STUART, Fla.--(BUSINESS WIRE)-- Seacoast Banking Corporation of Florida (“Seacoast” or the “Company”) (NASDAQ: SBCF), the holding company for Seacoast National Bank (“Seacoast Bank”), announced today that it has signed a definitive agreement to acquire Heartland Bancshares, Inc. (“Heartland”), parent company of Heartland National Bank based in Sebring, FL. The proposed transaction will expand Seacoast’s presence into this key Central Florida market.

Heartland operates four branches with deposits of approximately $641 million and loans of approximately $161 million as of December 31, 2024. The proposed transaction is a natural continuation of Seacoast’s M&A strategy and adds a stable, high-quality franchise in a growing market.

“Heartland has an outstanding reputation for exceptional service and strong financial performance, with a deep commitment to the communities it serves for over 25 years, and we look forward to continuing Heartland’s dedication to its customers, employees and shareholders. We see great opportunity in complementing Heartland’s strengths with Seacoast’s innovative products and breadth of offerings to grow our presence and expand our position in the state,” said Charles M. Shaffer, Seacoast’s Chairman and CEO. “The transaction is expected to be accretive to earnings in 2026 with modest dilution of tangible book value. We look forward to welcoming Heartland’s employees and customers to the Seacoast franchise.”

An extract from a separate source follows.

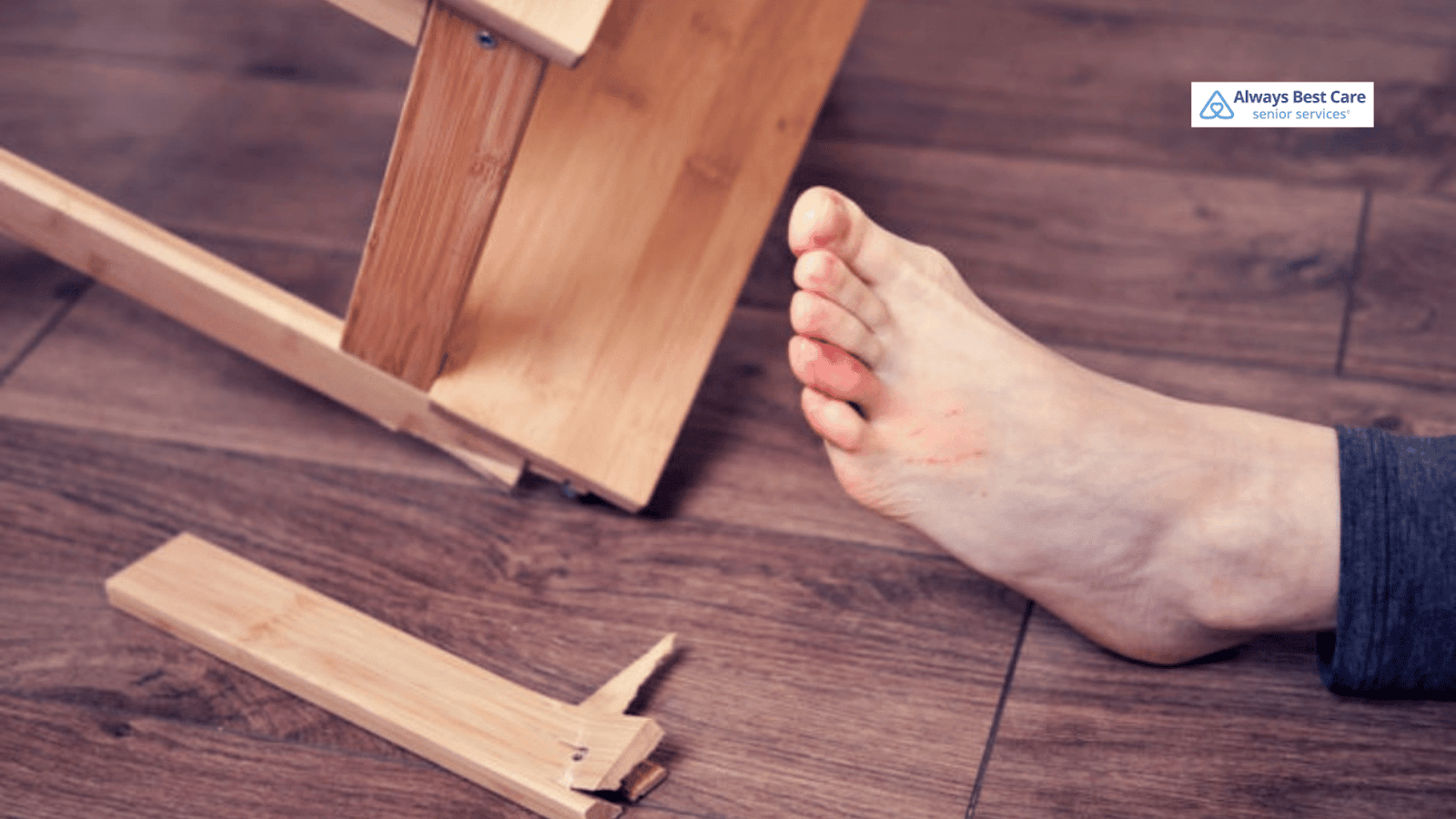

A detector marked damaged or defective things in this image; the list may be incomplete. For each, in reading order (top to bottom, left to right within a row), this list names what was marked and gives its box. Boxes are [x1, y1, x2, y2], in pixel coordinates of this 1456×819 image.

“Since its founding in 1999, Heartland has been committed to providing the very best banking experience for our customers. Now, in partnership with Seacoast, we are positioned to further accelerate this commitment, creating a best-in-class banking experience supported by a great team of professionals,” said James C. Clinard, Chief Executive Officer of Heartland Bancshares, Inc. and Heartland National Bank.“ We are delighted to join forces with Seacoast Bank, which shares our values and has been serving Florida consumers and businesses for nearly a century.”

The proposed transaction exemplifies Seacoast’s M&A focus on consolidation or entry into attractive markets, low concentration risks, high-quality relationship supported franchises, and ease of execution that does not distract from its organic growth strategy. Seacoast expects the transaction to be approximately 7% accretive to earnings per share in 2026, with modest dilution of tangible book value per share that it expects will be earned back in approximately 2.25 years.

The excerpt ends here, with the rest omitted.